- [INPUT DATA]:
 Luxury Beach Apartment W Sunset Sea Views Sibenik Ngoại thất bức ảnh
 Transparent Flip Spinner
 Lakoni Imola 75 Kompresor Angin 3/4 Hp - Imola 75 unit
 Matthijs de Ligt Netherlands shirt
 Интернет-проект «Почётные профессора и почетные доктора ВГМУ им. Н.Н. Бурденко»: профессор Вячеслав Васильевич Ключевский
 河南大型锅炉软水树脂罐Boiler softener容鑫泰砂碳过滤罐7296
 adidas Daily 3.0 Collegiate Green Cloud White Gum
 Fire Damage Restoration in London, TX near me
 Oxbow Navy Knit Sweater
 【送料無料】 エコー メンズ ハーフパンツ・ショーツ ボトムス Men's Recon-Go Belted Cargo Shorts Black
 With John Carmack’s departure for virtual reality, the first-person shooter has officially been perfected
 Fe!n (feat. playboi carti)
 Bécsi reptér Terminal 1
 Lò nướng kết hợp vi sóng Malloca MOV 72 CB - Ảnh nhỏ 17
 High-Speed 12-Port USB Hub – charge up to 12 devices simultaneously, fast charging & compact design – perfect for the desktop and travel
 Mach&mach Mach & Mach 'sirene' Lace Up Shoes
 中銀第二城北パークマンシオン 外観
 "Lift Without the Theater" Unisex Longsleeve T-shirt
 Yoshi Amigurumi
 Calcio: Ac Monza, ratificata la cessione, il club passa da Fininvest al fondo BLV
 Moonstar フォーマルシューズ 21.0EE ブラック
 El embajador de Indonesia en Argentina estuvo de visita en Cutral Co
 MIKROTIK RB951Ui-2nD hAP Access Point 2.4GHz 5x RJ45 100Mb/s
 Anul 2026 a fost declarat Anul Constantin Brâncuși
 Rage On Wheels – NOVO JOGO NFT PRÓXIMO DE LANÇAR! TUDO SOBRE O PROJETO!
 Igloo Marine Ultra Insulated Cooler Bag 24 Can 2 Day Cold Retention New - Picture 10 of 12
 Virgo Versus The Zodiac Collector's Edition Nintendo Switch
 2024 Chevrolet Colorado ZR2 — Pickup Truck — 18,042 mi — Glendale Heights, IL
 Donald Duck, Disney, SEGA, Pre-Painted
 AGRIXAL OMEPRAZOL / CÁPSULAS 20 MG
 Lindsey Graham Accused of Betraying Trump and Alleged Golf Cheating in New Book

- [THE TASK]: Could you tally how many lines of the material above include the word "shirt" and reply with only that count?

- [TASK RESPONSE]: 2